Brutal cost-cutting and automation brought advantages to consumers but not sustainable competitive advantage to business.  It doesn't take long in an environment of quick diffusion of information for our gains to become entry-level requirements for everyone in our game.  An so, consumers keep their gains while businesses struggle to find new advantages.  Meanwhile, competitors, who are forever catching up with them, sometimes surprise them with a strategic leapfrog that leaves them way behind.  Each such cycle presents the consumer with another round of victory.  Outsourcing is the newest example of this spiral.

There is hardly anything we do that China and India cannot already or will soon be able to commoditize and offer to our customers at lower prices and higher efficiencies than we can.  Google, and others like it, facilitate consumer awareness of those possibilities.

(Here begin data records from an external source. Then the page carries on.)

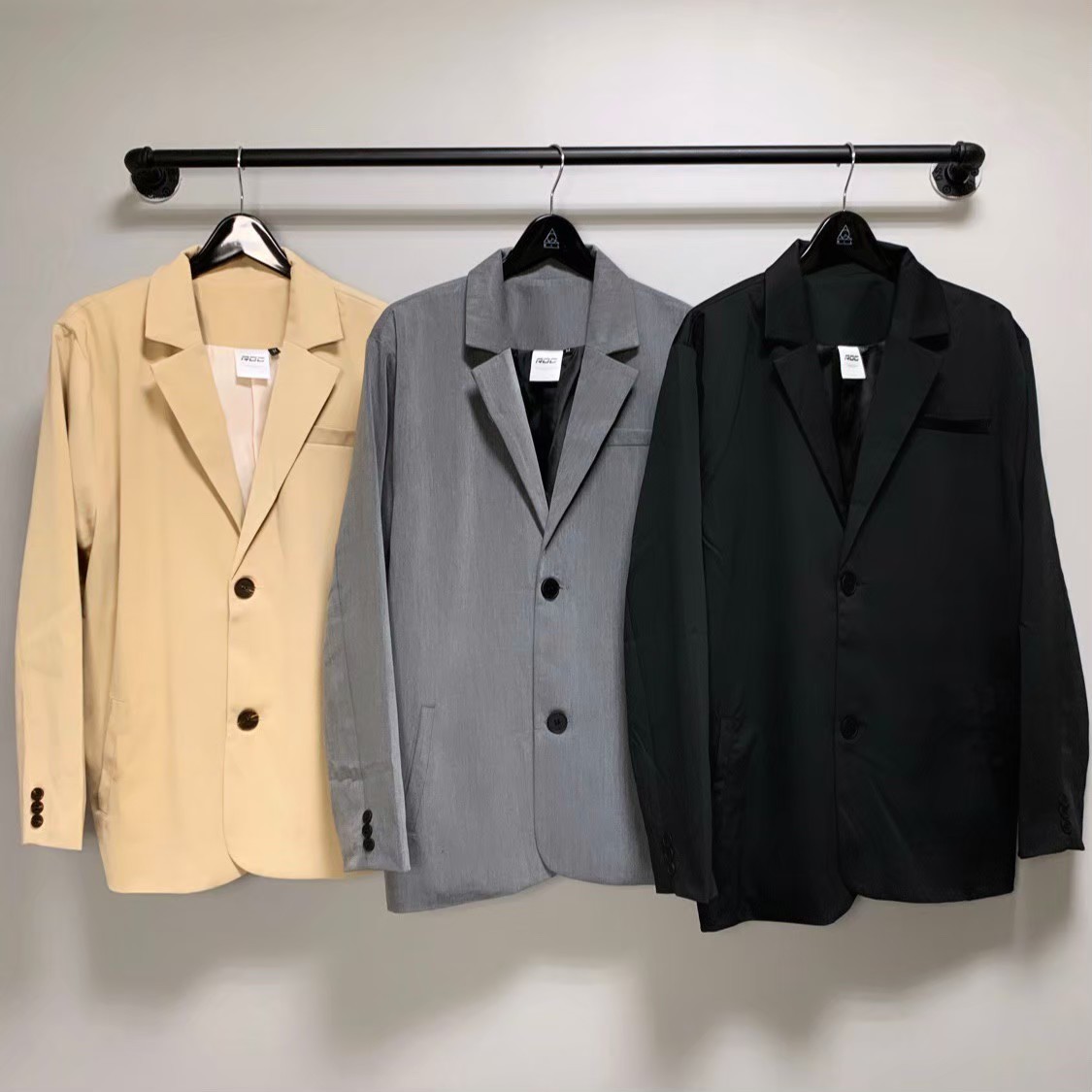 韓國 RDC STUDIOS 微寬鬆 西裝外套 高質感 男女 女友一起穿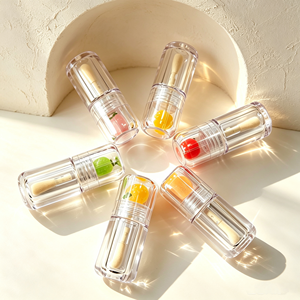 Tube de brillant à lèvres vide personnalisé avec logo, 3,5 ml, mignon, avec grand applicateur, pour remplir brillant à lèvres et huile à lèvres – Vente en gros - Product Image 2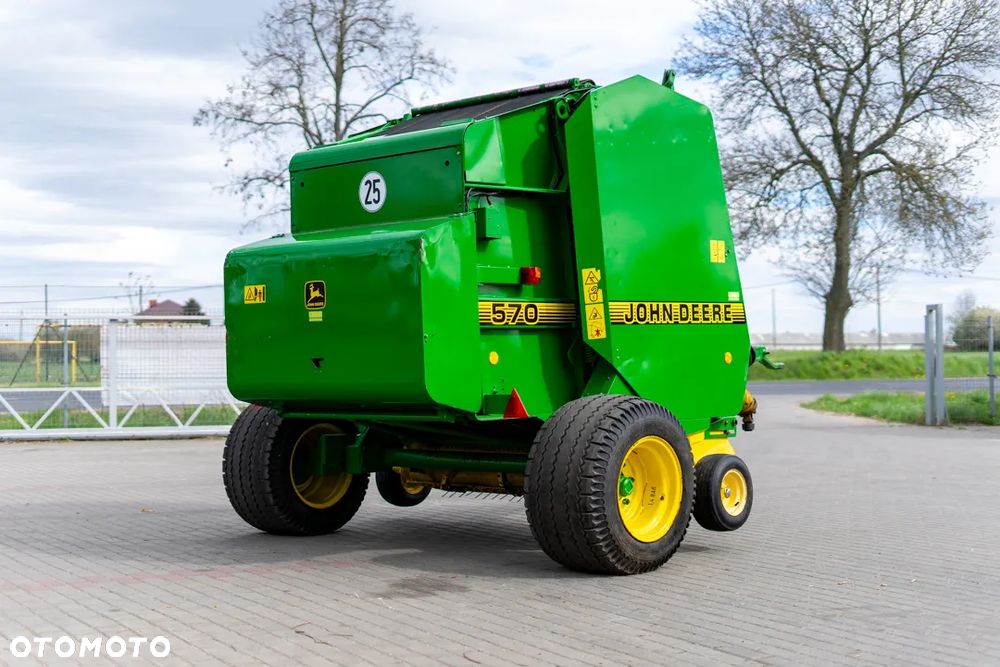 John Deere 570 Stan Idealny Posiadam wiele maszyn Prasa Ciągnik Rozrzutnik - 12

What is our defense?  With little concern for our employees, we are scurrying to own Chinese and Indian production facilities.  This way, we argue, at least our shareholders will continue to reap profits from our global businesses as we benefit from Asia's cost advantages.

Owning Chinese production facilities, or outsourcing, is just a further example of a strategy that serves consumers but, ultimately, not shareholders.  As everyone does the same, our margins and market share continue to shrink, and our remaining employees become increasingly demoralized.  Furthermore, the West cannot "own" Asia or Asian production, for long.  Asia, unlike the U.S., has a very long-term perspective.  It will use every opportunity of joint venture to learn everything U.S. business can teach it.  Then, Asia will stretch its muscles, stand on its own feet, and go it alone.
 
This is not bad news for those of us who understand that we are on the threshold of a new post-infotech era.  Exhilirating opportunities aboud for us to move beyond the commodity game:  While continuing to manage traditional business efficiently, we have the opportunity to reshape the future.  Every business can create a unique offering immensely more valuable to its customers than any commodity available.  We have saturated our customers with material choices, but their starvation for a more "spiritual" satisfaction and sense of wellbeing represents the biggest business opportunity of our time.  Our society has built superb structures to provide people with a degree of material security, but their dignity is assaulted a thousand times a day.  Our spirits crave a sense of meaning, and our souls erode in pursuit of the very consumerism that oils the wheels of business.  American business needs to recover the soul it has lost so that it does not also lose its edge.
 
For this to happen, business leaders and managers need to expand into five new paradigms:
  1. Radically re-engineer your understanding of the term "value."  Value is no longer defined only by price, convenience, and quality, but also by the degree to which the transaction satisfies people's deeper emothional and spiritual needs too.
  2. No longer see your tangible product or service as the end product, but rather as a vehicle upon which to offer a much more valuable (and lower-cost) intangible product:  the true human dignity of your customer.
  3. Your tangible product, its price, and its features appeal to your customers' minds.  Your brand should captivate their hearts, but only your intangible product nourishes their souls.
  4. Your business process creates your tangible product, but it is your business culture that will create and deliver your intangible product.
  5. Authentic culture is non-replicable and will deliver more value than inauthentic advertising and sloganeering.
The authenticity of our business values is now as crucial to our business success as the effectiveness of strategy and the efficiency of our process.  Valuing customers as dignified human beings, and not merely as buyers of products and services, cannot be faked.  It requires authentic values and a sterling business culture.

Many current business practices inhibit the experience of genuine human dignity.  At best, these practices improve standards of efficiency and convenience, but they leave nothing for one company to differentiate itself from another.  As with individuals, companies of tomorrow will differentiate themselves not only by products and processes, but rather with their intellect, culture, and values.

The companies who reshape the future and dominate it will be those who develop complex new human skills, deeper multi-cultural understanding, and a far higher prioritizing of human values and people's spiritual aspirations as the center stage of their strategic thinking.